What I still don't know is, where did those definitions in the Linux kernel module come from. And how does the MoonSound software work - did someone have to dig through the ROM file and figure out how to use the hundreds of "tones"? It would be weird if Yamaha had just sold the ROM chips without any accompanying documentation, or a pre-made General MIDI mapping of the tones.

Tomorrow I'll write a program which dumps out the individual tones, so I can see which parts of the sample data are used for what. According to the documentation, the ROM file is supposed to contain ADSR envelopes and everything for each tone. So why does the Linux kernel module have its own ADSR data? And is the data the same as what can be found in the ROM file. We'll see.

By Manuel

Ascended (15750)

Manuel's picture

14-10-2013, 09:51

(Getting off topic and taking the "bait"...)

mars2000you wrote:

If you use openMSX, the sound is indeed less pleasant than on blueMSX and if you compare blueMSX to the real thing, there are still some differences due to the things you've mentioned, but blueMSX is closer to the real thing.

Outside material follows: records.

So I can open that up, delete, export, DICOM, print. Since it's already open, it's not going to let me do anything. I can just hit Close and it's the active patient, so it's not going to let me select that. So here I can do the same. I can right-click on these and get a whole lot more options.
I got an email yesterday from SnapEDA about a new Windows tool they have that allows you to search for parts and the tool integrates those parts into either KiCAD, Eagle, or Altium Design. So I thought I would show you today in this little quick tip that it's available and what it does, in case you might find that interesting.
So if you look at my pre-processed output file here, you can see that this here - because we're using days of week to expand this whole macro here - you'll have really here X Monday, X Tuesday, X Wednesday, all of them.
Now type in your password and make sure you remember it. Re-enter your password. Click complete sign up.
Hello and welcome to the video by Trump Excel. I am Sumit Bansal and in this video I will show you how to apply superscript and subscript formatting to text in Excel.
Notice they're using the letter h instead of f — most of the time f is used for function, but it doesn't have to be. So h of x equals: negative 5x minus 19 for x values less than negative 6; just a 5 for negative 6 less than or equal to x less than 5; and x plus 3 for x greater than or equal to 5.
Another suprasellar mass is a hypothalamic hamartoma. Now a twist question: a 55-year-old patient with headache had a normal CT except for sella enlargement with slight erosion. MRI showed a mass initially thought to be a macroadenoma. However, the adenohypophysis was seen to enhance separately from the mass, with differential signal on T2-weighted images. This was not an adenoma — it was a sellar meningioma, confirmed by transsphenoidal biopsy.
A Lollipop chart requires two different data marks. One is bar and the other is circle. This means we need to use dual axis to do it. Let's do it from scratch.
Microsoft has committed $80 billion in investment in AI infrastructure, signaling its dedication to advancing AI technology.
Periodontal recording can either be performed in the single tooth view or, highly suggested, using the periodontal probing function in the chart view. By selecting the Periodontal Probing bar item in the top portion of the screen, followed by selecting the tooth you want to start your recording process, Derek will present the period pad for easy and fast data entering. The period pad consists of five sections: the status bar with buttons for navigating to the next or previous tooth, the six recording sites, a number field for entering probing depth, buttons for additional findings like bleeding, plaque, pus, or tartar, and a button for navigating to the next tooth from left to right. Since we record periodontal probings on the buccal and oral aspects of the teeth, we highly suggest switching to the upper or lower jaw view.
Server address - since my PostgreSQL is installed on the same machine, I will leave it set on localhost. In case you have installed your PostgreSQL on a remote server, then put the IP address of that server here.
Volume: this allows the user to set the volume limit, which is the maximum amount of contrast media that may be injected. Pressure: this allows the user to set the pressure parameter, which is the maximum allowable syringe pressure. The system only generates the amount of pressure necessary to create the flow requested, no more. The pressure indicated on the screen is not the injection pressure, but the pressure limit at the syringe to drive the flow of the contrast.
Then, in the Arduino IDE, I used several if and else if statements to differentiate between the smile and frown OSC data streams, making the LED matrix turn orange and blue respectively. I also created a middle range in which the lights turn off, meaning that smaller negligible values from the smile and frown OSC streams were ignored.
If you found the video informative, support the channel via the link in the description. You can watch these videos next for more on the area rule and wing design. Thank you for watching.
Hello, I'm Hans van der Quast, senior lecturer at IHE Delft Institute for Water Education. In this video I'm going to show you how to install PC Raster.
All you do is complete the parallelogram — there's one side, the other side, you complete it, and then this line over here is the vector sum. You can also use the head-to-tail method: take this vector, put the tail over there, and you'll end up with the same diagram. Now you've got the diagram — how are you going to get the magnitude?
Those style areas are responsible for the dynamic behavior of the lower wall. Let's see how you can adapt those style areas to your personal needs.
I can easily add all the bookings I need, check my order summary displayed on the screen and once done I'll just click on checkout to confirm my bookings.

Interesting remark. As far as I know the implementation is practically identical. And, as far as I know, blueMSX has no code to emulate a DAC or filtering due to analog circuits. In other words, I don't see a reason why it would sound different.

So:
- Are you sure about this?
- Can you quantify this with a recorded sample?
- Do other people also think this is the case?

By mars2000you

Enlighted (5513)

mars2000you's picture

14-10-2013, 09:56

Already discussed here :

http://www.msx.org/news/en/msxdev-compo-2012-3-no-pressure

Jorito wrote:

Manuel, you can compare the music's demo here:

In general the OpenMSX version sounds a bit more sharp, harsh than the BlueMSX one, that sounds more rounded.

The BlueMSX version sounds more pleasing to me and closer to the real sound I got through my Bose Companion II speakers while composing it on a real MSX.

snout wrote:

@Manuel - apparently there is a difference between theory and the actual experience, because to my ears blueMSX is also a lot closer to the real thing than openMSX.